13. Januar 2023   011/23    Studium und Lehre

Universität vergibt 75 Deutschlandstipendien

Oldenburg. Insgesamt 75 besonders begabte und engagierte Studierende erhalten in diesem akademischen Jahr ein Deutschlandstipendium der Universität Oldenburg. Die Förderung beträgt 300 Euro monatlich und währt ein Jahr. Die Hälfte der Summe kommt vom Bund, die andere Hälfte hat die Universität bei privaten Geldgebern eingeworben. Die Universität konnte die Zahl der Stipendien im Vergleich zum Vorjahr leicht steigern.

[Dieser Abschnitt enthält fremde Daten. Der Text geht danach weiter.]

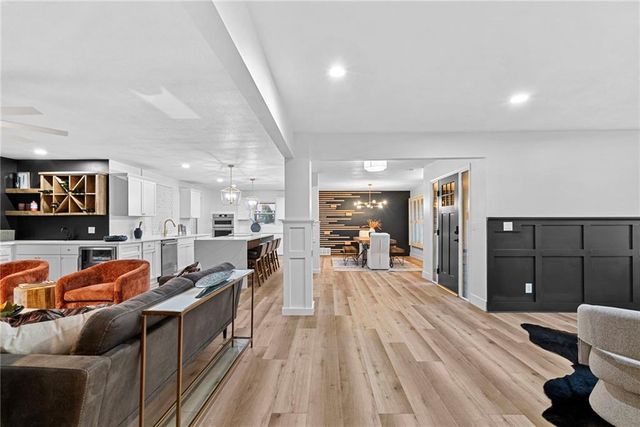 9601 W 104th Terrace, Overland Park, KS 66212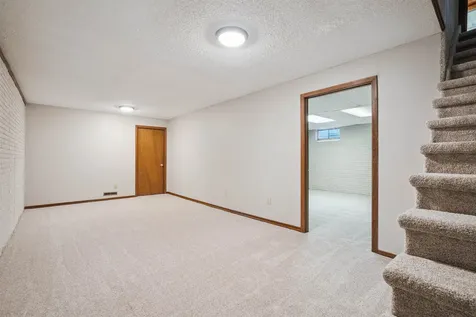 30020 Prier Dyersville IA 52040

„Das Deutschlandstipendium ist ein Erfolgsmodell – seit vielen Jahren ist es eine hervorragende Möglichkeit, eine beträchtliche Zahl von Studierenden zu unterstützen“, sagte Universitätspräsident Prof. Dr. Ralph Bruder bei der feierlichen Übergabe der Urkunden an die geförderten Studierenden. Auch die Förderer selbst könnten in besondere Weise profitieren, indem sie „ihre“ Stipendiatinnen und Stipendiaten persönlich kennenlernen und sich mit ihnen austauschen. „Ich danke allen Förderern herzlich für ihr finanzielles Engagement, das die Stipendienvergabe erst möglich macht.“

Unter den diesjährigen Geförderten sind 52 Frauen. Viele Stipendiatinnen und Stipendiaten engagieren sich ehrenamtlich, mehr als die Hälfte sind sogenannte Erstakademiker*innen, die als erste aus ihrer Familie studieren. Viele Förderer unterstützen gezielt Studierende bestimmter Disziplinen.

Unter den Förderern, die die Vergabe von Deutschlandstipendien an der Universität Oldenburg ermöglichen, waren in diesem Jahr 18 Privatpersonen, zehn Unternehmen sowie 16 Vereine und Stiftungen. Kleinere Spenden in den Stipendienfonds stammen unter anderem von Gästen des Neujahrsempfangs der Universität und von Einzelpersonen.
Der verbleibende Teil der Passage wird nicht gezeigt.